これは医師が死亡診断書に時刻を記入することで確認される死です。

しかし、これが生物学的な死とずれることがあります。

在宅医療の場合、患者が夜中に亡くなり、朝にその死亡を確認するというケースがあります。

この場合、二十四時間以内に医師が診察を行っていないと、警察への連絡が必要とされ、検死や行政解剖の可能性が生じます。

これを避けるため、医師は患者の死亡を確認する儀式を行うことがあります。

これは実際の生物学的死とは異なり、法的な手続き上の死として捉えられます。

医師の診察前には死んでいないものと見なされ、手続き上の死は医師の確認後に初めて成立するのです。

二つ目は法律上の死で、一般的に「脳死」と呼ばれます。

日本では2010年の臓器移植法改正により、法的に脳死が死と認められるようになりました。

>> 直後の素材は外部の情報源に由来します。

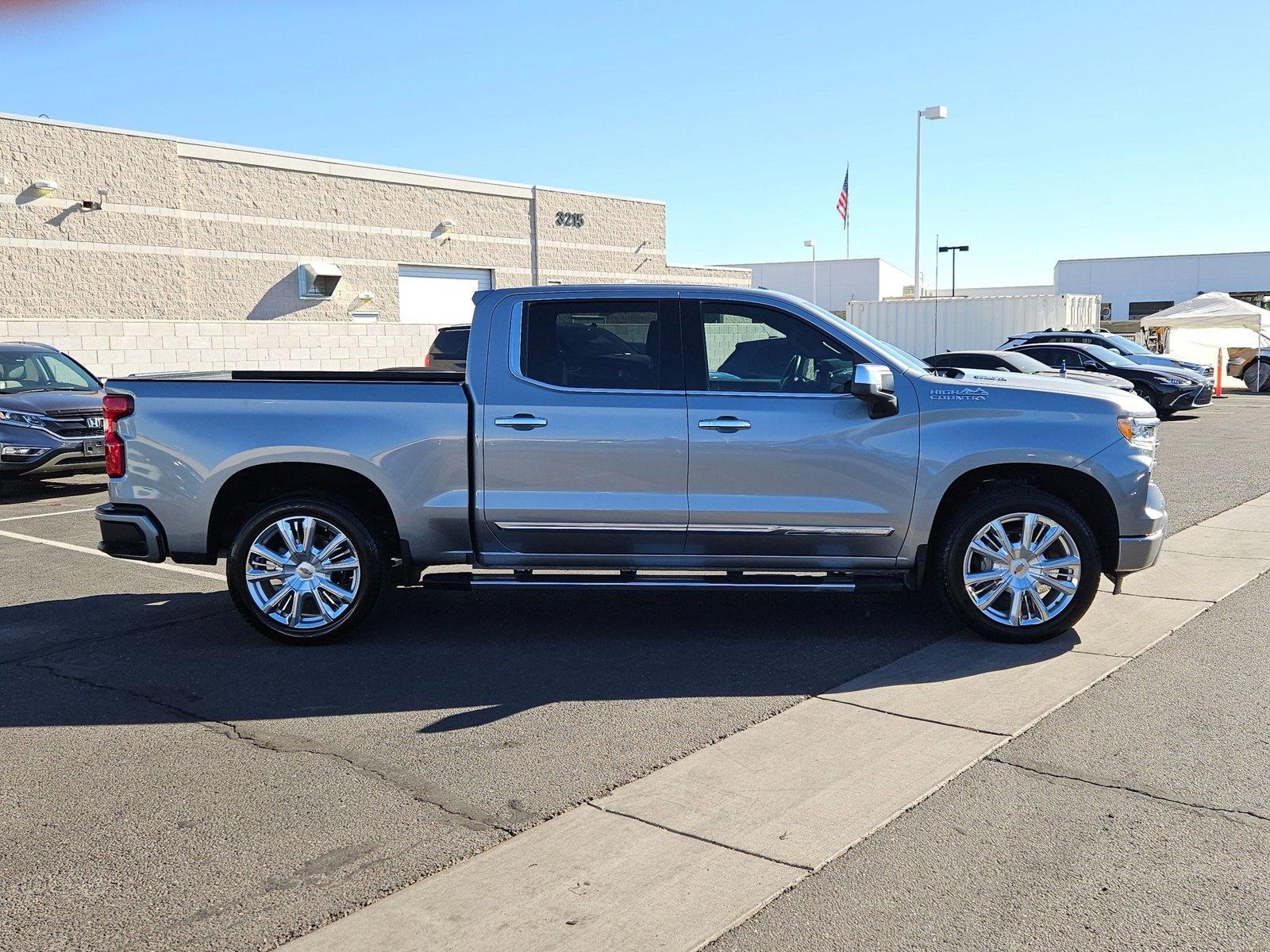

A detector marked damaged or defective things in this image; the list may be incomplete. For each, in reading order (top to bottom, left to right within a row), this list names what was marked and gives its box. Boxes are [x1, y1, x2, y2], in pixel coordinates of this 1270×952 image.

crack in asphalt [20, 665, 515, 832]
crack in asphalt [985, 762, 1270, 827]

脳死は全脳死を指し、脳幹が停止することで生命維持が不可能になります。

これが法律上の死とされ、臓器移植の際などに用いられます。

脳死と混同されることがあるのが「植物状態」です。

これは大脳が死んでいるが脳幹が生きている状態で、自発呼吸が可能です。

法的な死ではないため、植物状態にある患者は生命維持が続けられることがあります。

このように、生物学的な死以外にも手続き上と法的な側面があり、それぞれの死には異なる視点が存在します。

医療の進化や法律の改正に伴い、死に対する捉え方も変化していくことでしょう。

脳死のパラドックス

脳死に陥った患者が人工呼吸器により心臓が動き続けている場合、しばらくは臓器移植が可能です。

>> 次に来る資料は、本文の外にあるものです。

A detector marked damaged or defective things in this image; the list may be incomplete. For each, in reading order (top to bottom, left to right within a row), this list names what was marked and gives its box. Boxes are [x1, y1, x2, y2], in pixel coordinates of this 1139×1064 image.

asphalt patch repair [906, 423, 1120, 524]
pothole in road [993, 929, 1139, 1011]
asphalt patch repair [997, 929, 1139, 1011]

しかし、この状況には奇妙なダブルスタンダードが潜んでいます。

脳死とは、脳の機能が停止し、死の状態と見なされる概念です。

この概念は、臓器移植が進む中で生まれました。

例えば心臓移植では、生きている心臓を提供者から取り出さなければ手術は成り立ちません。

しかしこれが難しい問題がありました。

生きたまま心臓を取り出せばドナーは死亡しますが、死体から取り出しても心臓は動きません。

このジレンマを解決するために、法的に死と見なされる新たな定義が必要でした。

それが脳死です。

脳死が法的な死とされることで、生きたままの心臓を摘出しても殺人にはならないという状況が生まれました。

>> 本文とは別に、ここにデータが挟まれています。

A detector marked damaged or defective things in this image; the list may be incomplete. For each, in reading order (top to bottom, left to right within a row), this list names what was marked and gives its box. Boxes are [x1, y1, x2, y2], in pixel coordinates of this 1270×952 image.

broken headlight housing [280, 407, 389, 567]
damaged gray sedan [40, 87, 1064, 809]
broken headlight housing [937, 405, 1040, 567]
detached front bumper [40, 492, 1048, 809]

しかし、脳死の患者は人工呼吸器により胸が動き、身体が温かいという生命の兆候が残ります。更に、心臓の摘出時には全身麻酔が行われます。

これにより、死体に対して麻酔をかけるという非常に異例な事態が生じ、脳死の概念に対する疑念が広がります。

こうして、臓器移植のために生まれた脳死の概念は、生死の境界線を曖昧にし、法的な解釈に矛盾が生まれるダブルスタンダードの舞台裏を抱えているのです。

まとめ

「人はどう死ぬのか」を通じて、私たち葬儀業者の知らない臨終や死後の世界を抜粋し、編集してご紹介しました。

本書では医師の視点から厳しい現実が語られています。

できれば目を背けておきたい話題ですが、久坂部羊氏の在宅医療医としての経験から抽出したリアルな描写が、死に対する私たちの理解深めます。

死の定義や計測の難しさ、死後の臓器の驚くべき働きに触れながら、看取りのプロの心構えや医師と家族の重要なコミュニケーション、儀式や法的な死についてなど、死に対する捉え方は多岐にわたります。

さらに、臓器移植における脳死の概念には奇妙なダブルスタンダードが潜んでいることを指摘し、死に対する理解が科学的・精神的に複雑であることを示唆しています。

これらの事実から、死は深く探求されるべきテーマであり、それを知ることで私たちがより豊かな人生を送る手助けになることでしょう。